Records for the exercise

______________________________

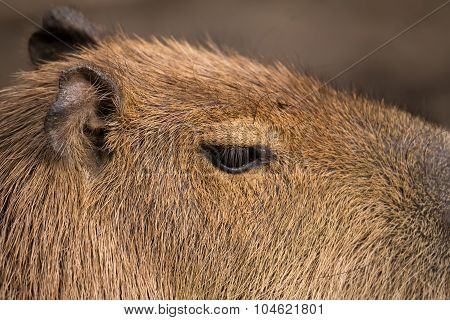 Close Up Photo Of Capybara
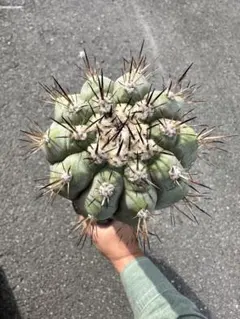 激レア コピアポア　FN付き実生苗　８苗セット 2025年最新】コピアポアの人気アイテム - メルカリ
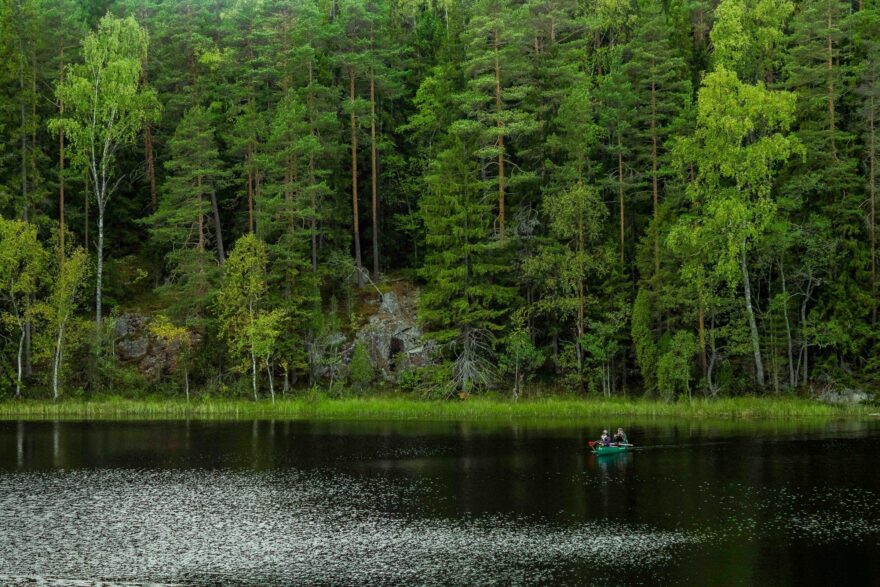 Vehre&auml; mets&auml;lampi ja kanootti kes&auml;ll&auml; Nuuksiossa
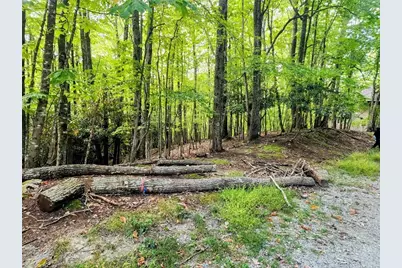 103 Spicewood Lane, Beech Mountain, NC 28604 - Photo 1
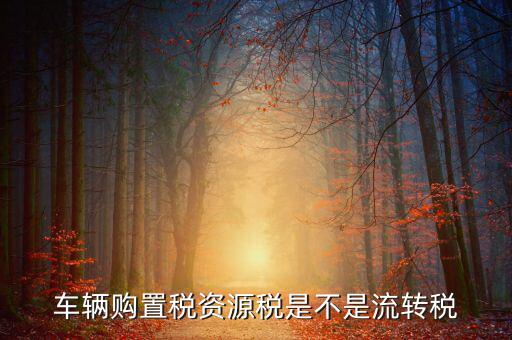 資源稅改革是什么，資源稅是地稅還是國稅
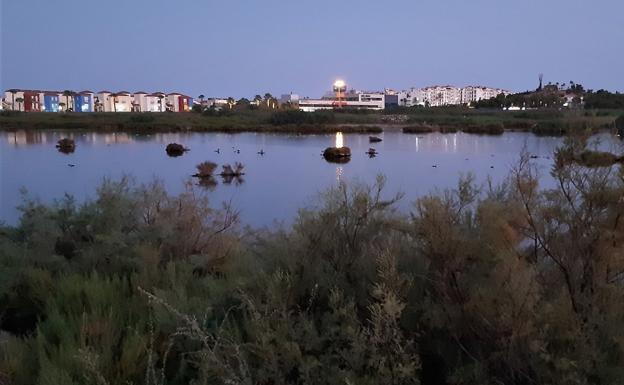 El Salar de los Canos en la recta final para su declaración como humedal andaluz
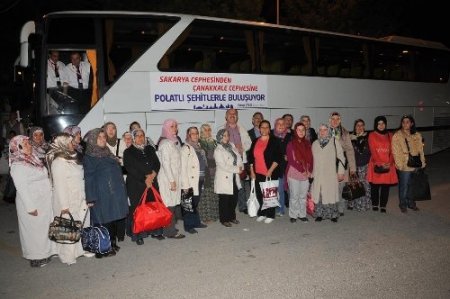 Sakarya cephesinden, Çanakkale cephesini görmeye gittiler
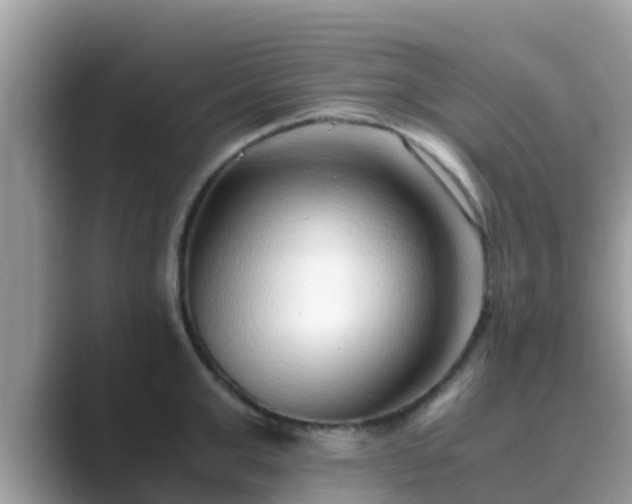 X0000089890999200707051225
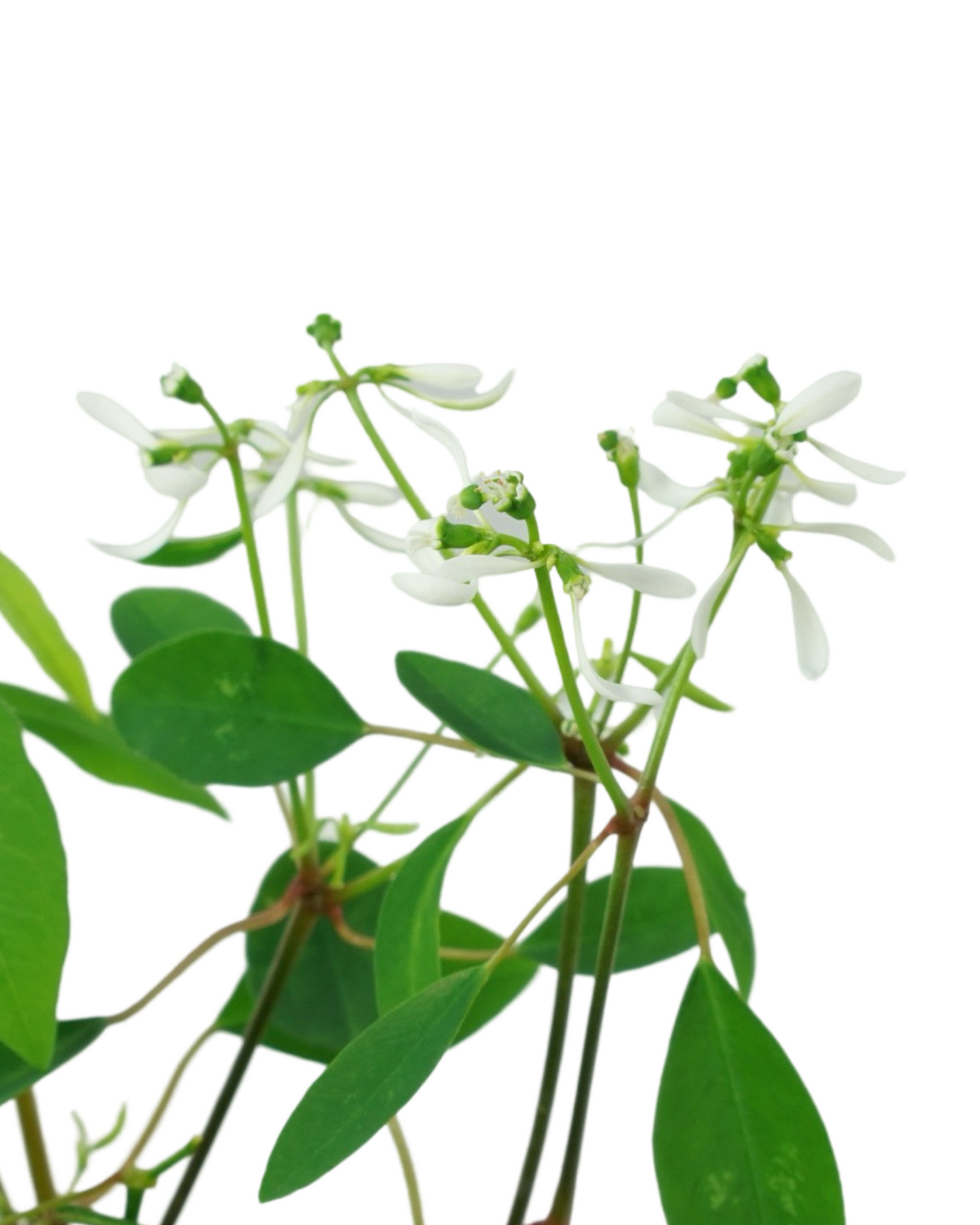Euphorbia Breathless® ‘White’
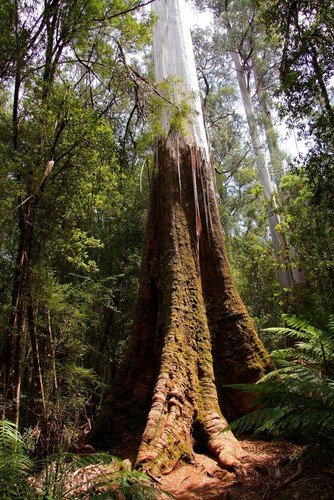 Native Koala Food & Wildlife Shelter Tree Seed Pack-13 packets-Eucalyptus Gum - Picture 7 of 12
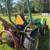 1998 John Deere 855 loader 4 thumbnail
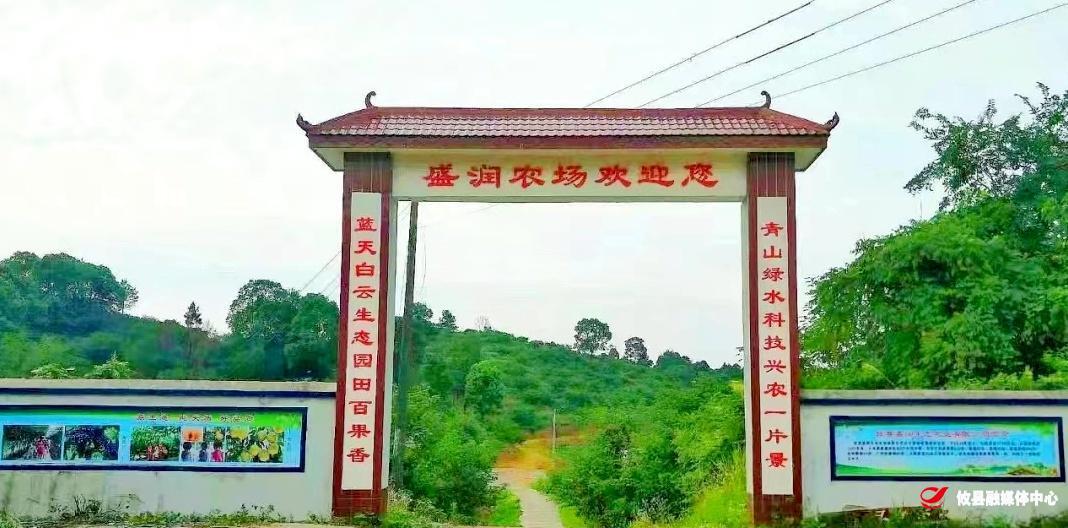 谭桥街道谭洲社区：300余亩黄桃园喜迎丰收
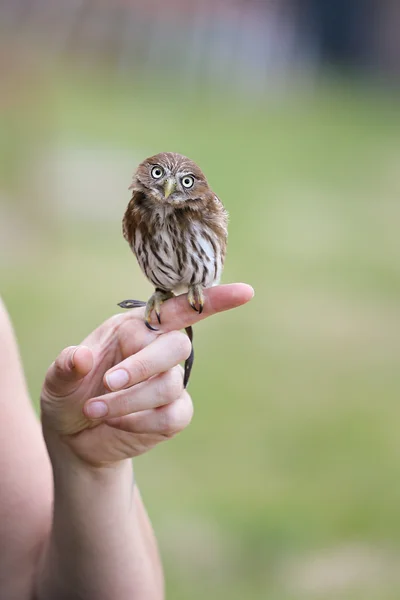 Piccolo gufo posa sul dito — Foto Stock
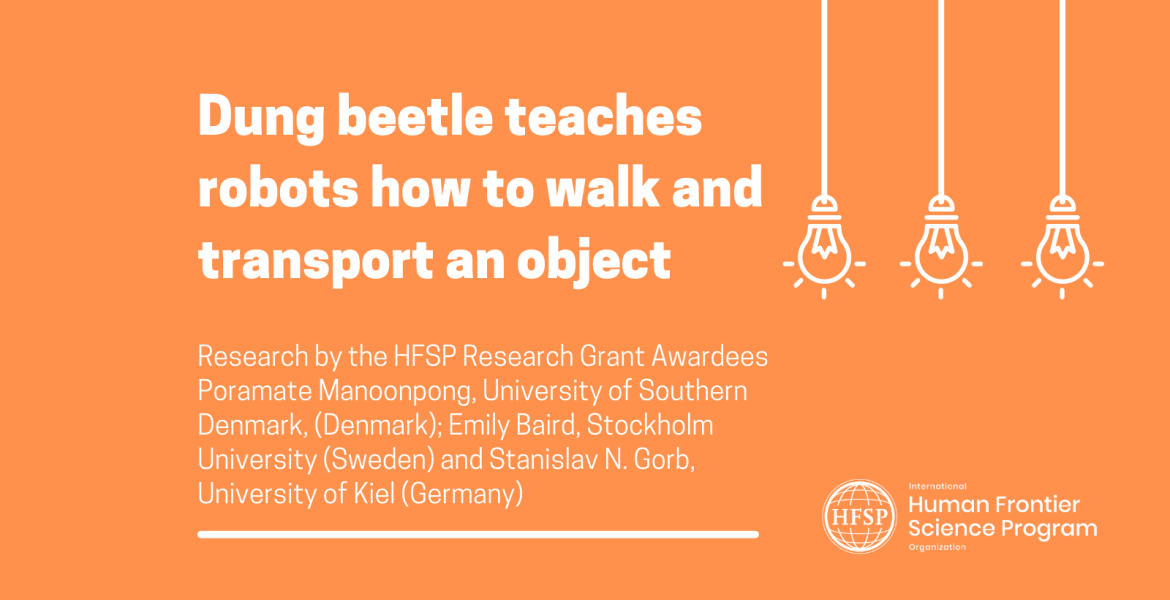 Dung beetle teaches robots how to walk and transport an object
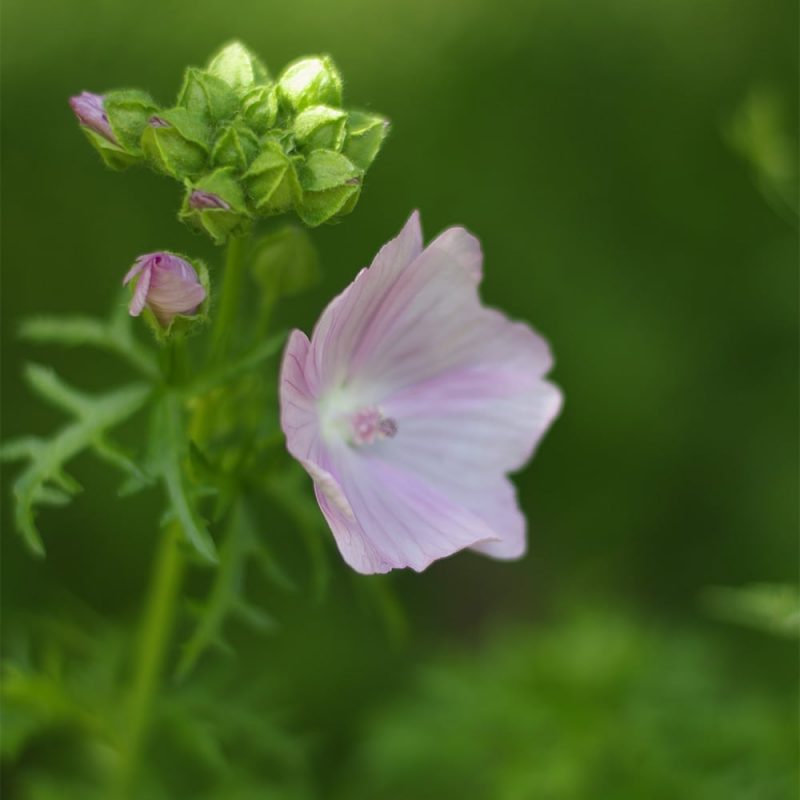 Myskimalva Malva moschata kukka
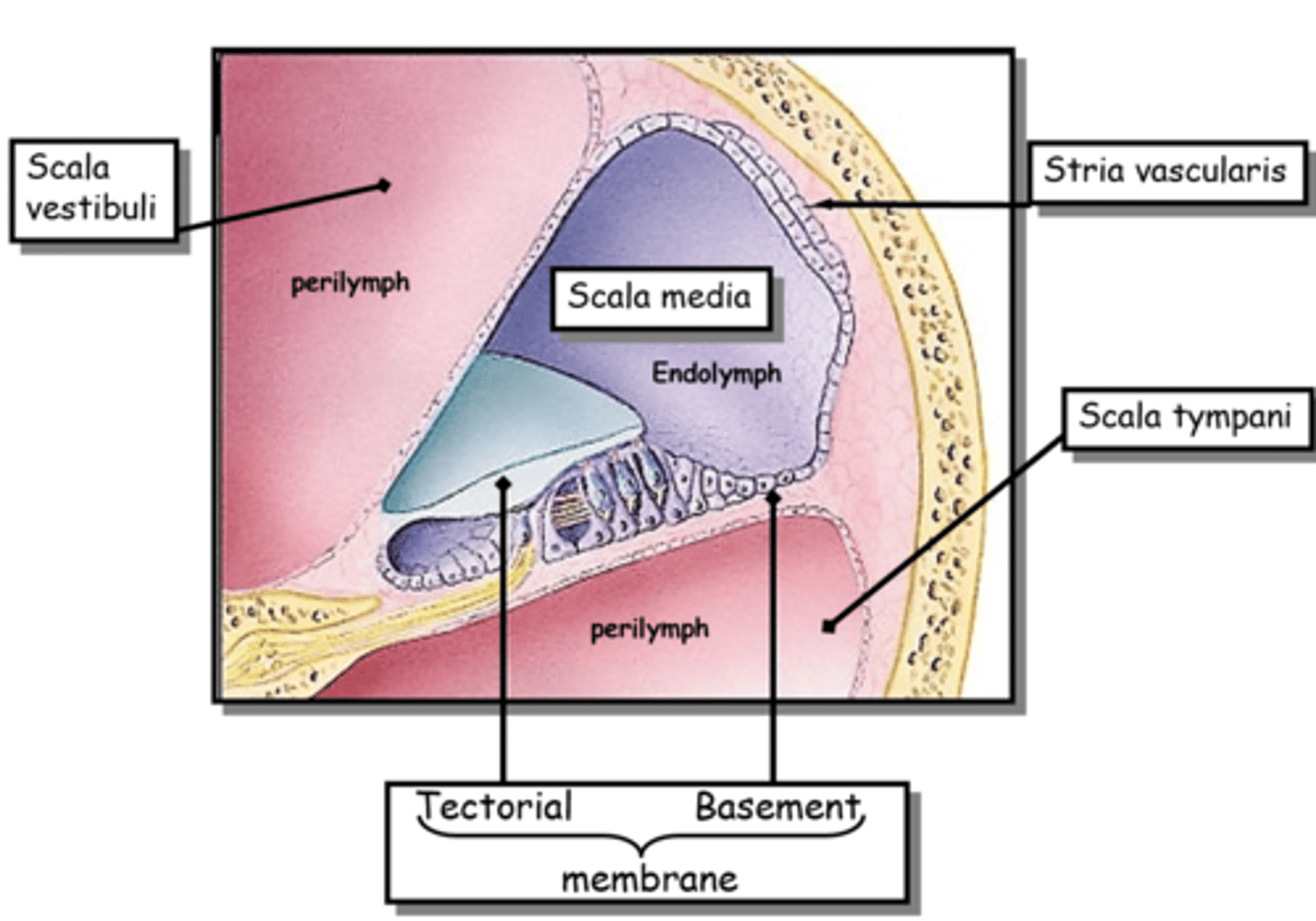 <p>What are the 3 chambers of the cochlea?</p>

______________________________

Requirement
From the first line to the last, give the data again exactly, but without pictures.

Exercise output
 Close Up Photo Of Capybara
 激レア コピアポア　FN付き実生苗　８苗セット 2025年最新】コピアポアの人気アイテム - メルカリ
 Vehre&auml; mets&auml;lampi ja kanootti kes&auml;ll&auml; Nuuksiossa
 103 Spicewood Lane, Beech Mountain, NC 28604 - Photo 1
 資源稅改革是什么，資源稅是地稅還是國稅
 El Salar de los Canos en la recta final para su declaración como humedal andaluz
 Sakarya cephesinden, Çanakkale cephesini görmeye gittiler
 X0000089890999200707051225
Euphorbia Breathless® ‘White’
 Native Koala Food & Wildlife Shelter Tree Seed Pack-13 packets-Eucalyptus Gum - Picture 7 of 12
 1998 John Deere 855 loader 4 thumbnail
 谭桥街道谭洲社区：300余亩黄桃园喜迎丰收
 Piccolo gufo posa sul dito — Foto Stock
 Dung beetle teaches robots how to walk and transport an object
 Myskimalva Malva moschata kukka
 <p>What are the 3 chambers of the cochlea?</p>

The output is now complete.